Brian Allen, right, along with fellow Quayside resident James Crosty, has been battling railways about the noise they create for years. Allen says an advisory panel proposed by the city doesn’t have enough power. - Mario Bartel/NewsLeader file photo
Brian Allen, right, along with fellow Quayside resident James Crosty, has been battling railways about the noise they create for years. Allen says an advisory panel proposed by the city doesn’t have enough power.
— image credit: Mario Bartel/NewsLeader file photo

The city is looking at establishing a railway community advisory panel (CAP), but its terms of reference don’t impress a Quayside resident who has battled the railways over noise for several years.

On Monday, city council will consider a staff report recommending the establishment of the panel. It would meet quarterly and include a representative of each of the railway companies, two from the city, one from emergency and up to three residents.

It would be co-chaired by the mayor, or someone he appoints, and a railway company rep.

“This committee has the potential to improve communications between the City and the Railways. It also has the potential to assist in resolving community concerns. However, it should be noted the CAP will not replace or usurp community complaints filed with the Canadian Transportation Agency (CTA),” said the report.

But Brian Allen, who is the rail advisory rep on the Quayside Community Board, said he supports a panel, but doesn’t agree with its terms of reference because it doesn’t have any teeth.

“It is merely a forum for people to voice concern, but there is no obligation of the rail companies to do anything about it. There’s no enforceability,” said Allen, speaking as an individual and not for the board. “A panel like that where complaints are brought to the table, if there cannot be an acceptable agreed upon solution the advisory panel should be able to refer the matter to the Canada Transportation Agency for a solution. But the rail companies would never agree to something like that, and the city would not want to have things imposed upon them by the agency.”
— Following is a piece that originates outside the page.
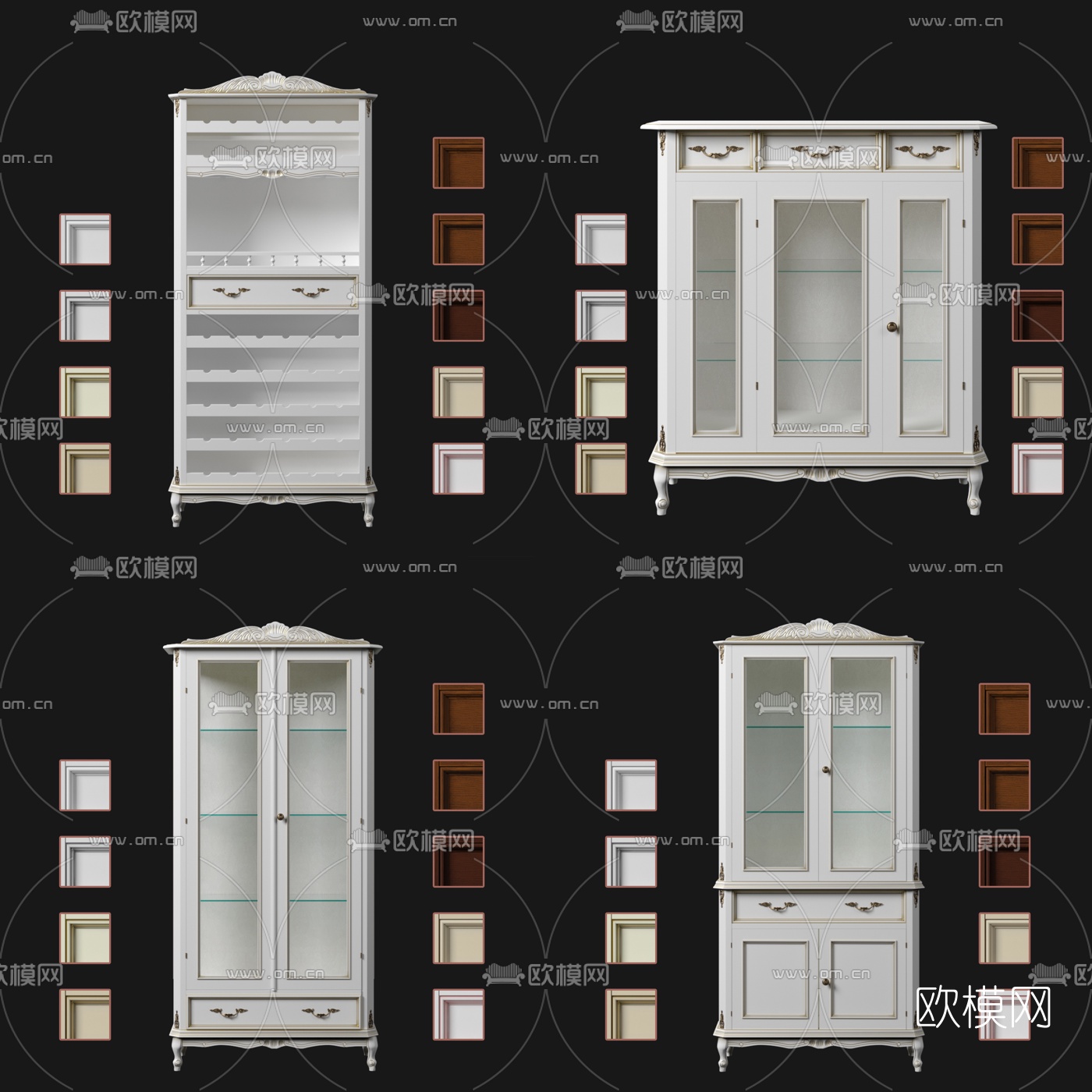 美式实木酒柜3d模型下载
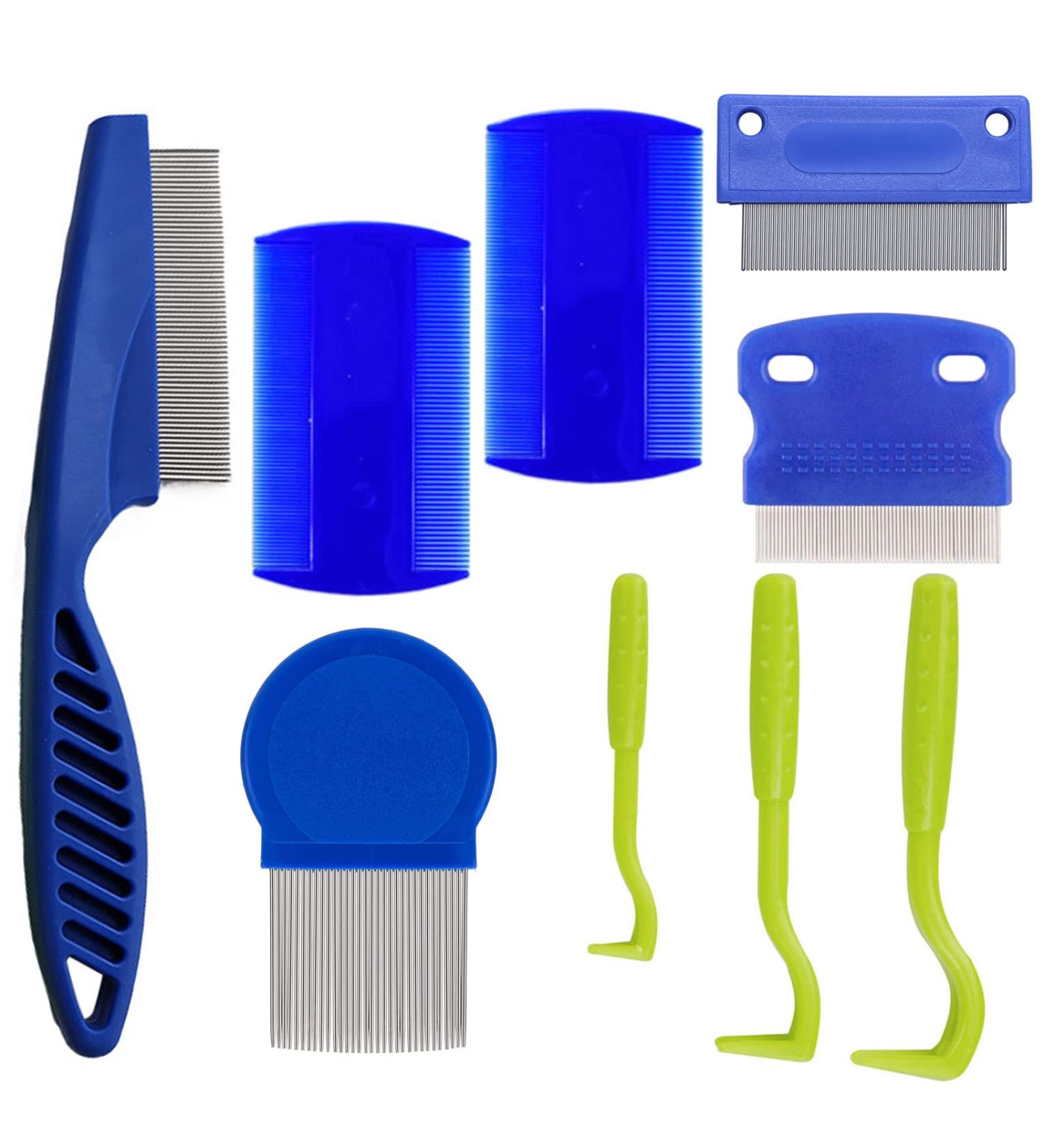 Auxhcyl 9-Piece Flea Comb Set for Cats & Dogs - Lice & Tick Remover with Dust Ridge Ideal for Knots & Dirt - Buy Online on GoSupps.com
Allen said residents can complain to the panel about the railway making noise at 3:30 a.m., but the railways can still say, “That’s life, live with it.”

Allen was a signatory to a settlement agreement with the railways companies four years ago. But when the community felt the railway didn’t live up to its obligations under the agreement it complained to the CTA. Since then, said Allen, the community has not heard from the railway companies, only their legal departments.